▶ [Data items]:
.....
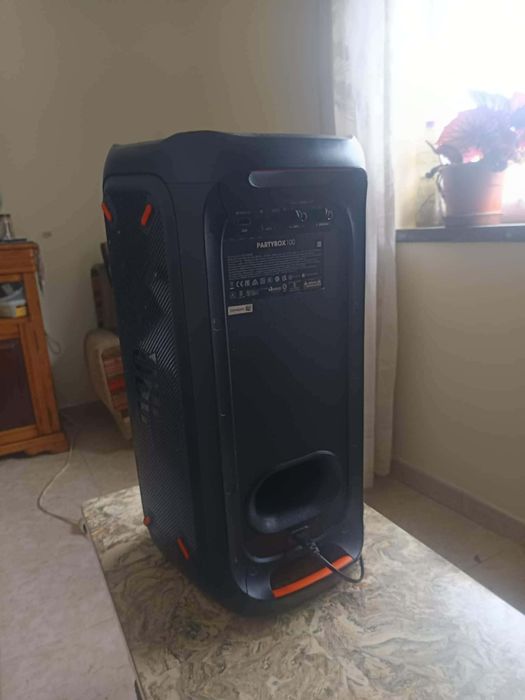 JBL PARTYBOX 100 impecavel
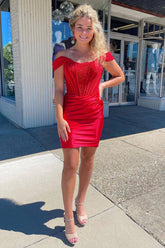 Red Homecoming Dresses Off the Shoulder Tight Short Cocktail Dresses with Lace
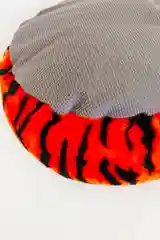Лежанка для кошек и собак из искусственного меха в расцветке лео "Tiger"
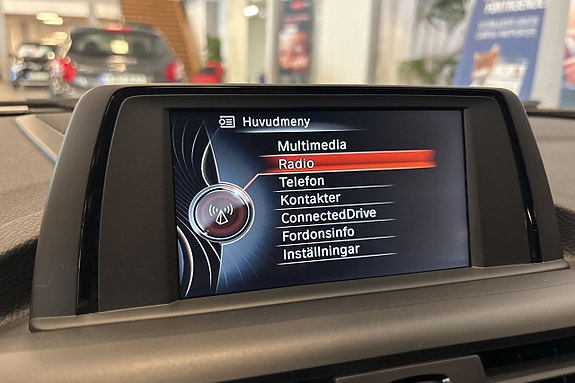 BMW 118i 16 of 23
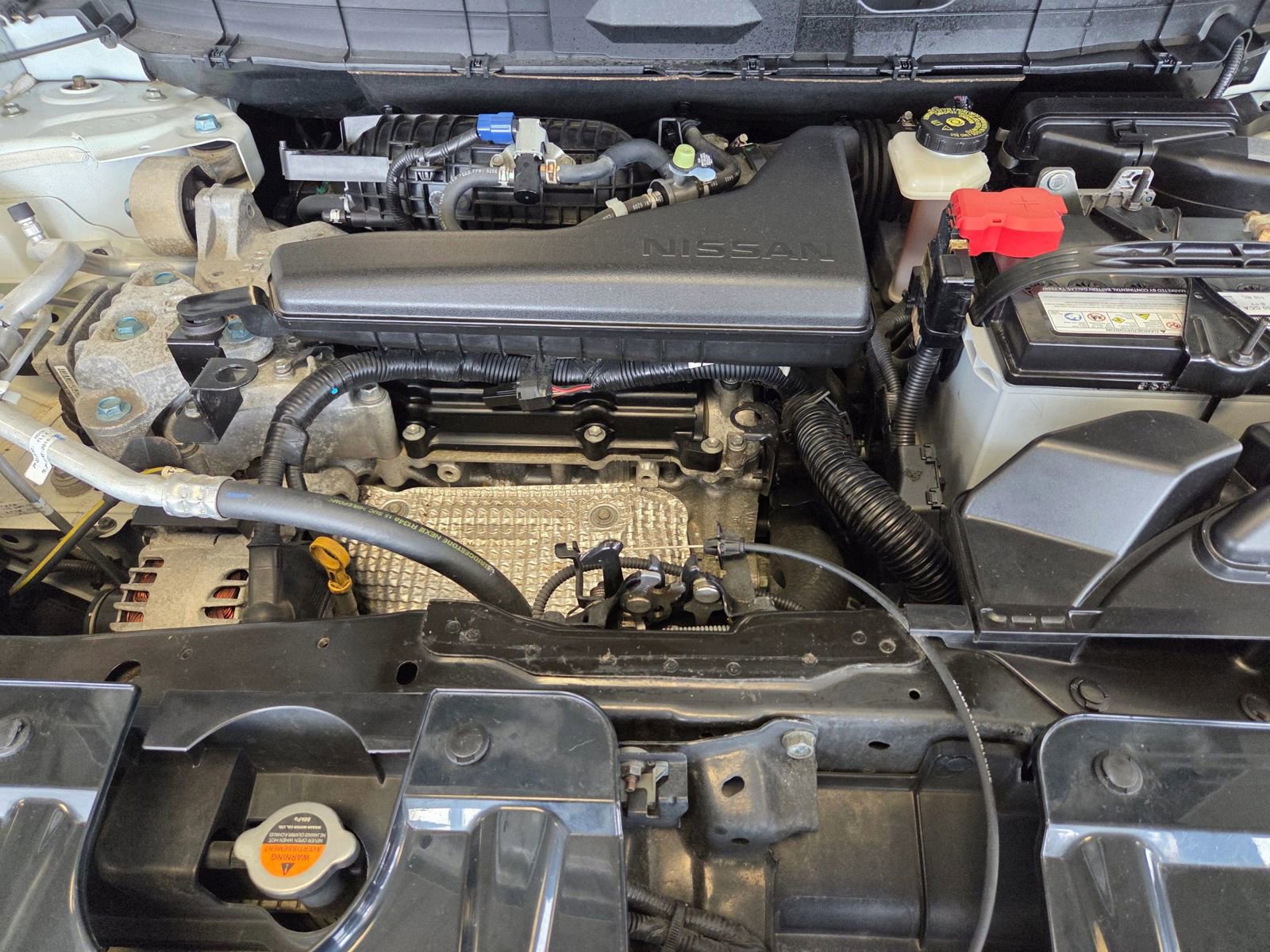 Used 2017 Nissan Rogue SV w/ SV Premium Package image 65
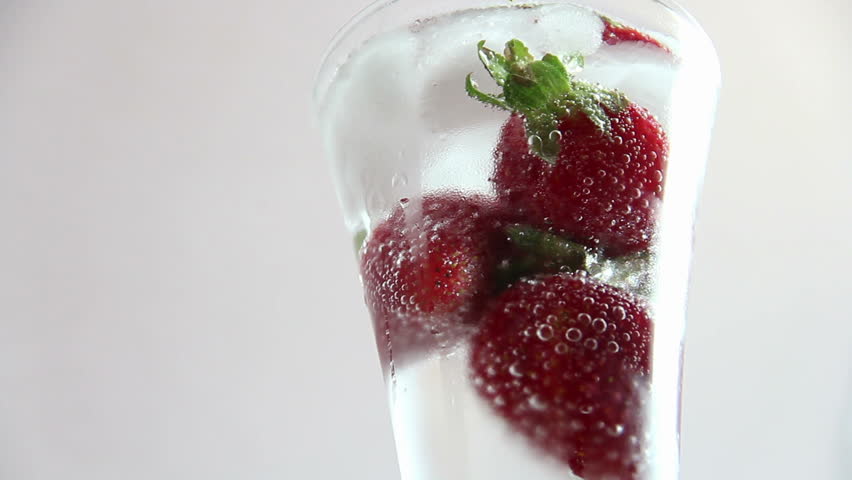 Strawberry mojito drink with splash, Strawberry mojito cocktail rotation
.....
▶ [AIM OF THE EXERCISE]:
Give the entries again, exactly and in full, with no image included.

▶ [RESPONSE AREA]:
 JBL PARTYBOX 100 impecavel
 Red Homecoming Dresses Off the Shoulder Tight Short Cocktail Dresses with Lace
Лежанка для кошек и собак из искусственного меха в расцветке лео "Tiger"
 BMW 118i 16 of 23
 Used 2017 Nissan Rogue SV w/ SV Premium Package image 65
 Strawberry mojito drink with splash, Strawberry mojito cocktail rotation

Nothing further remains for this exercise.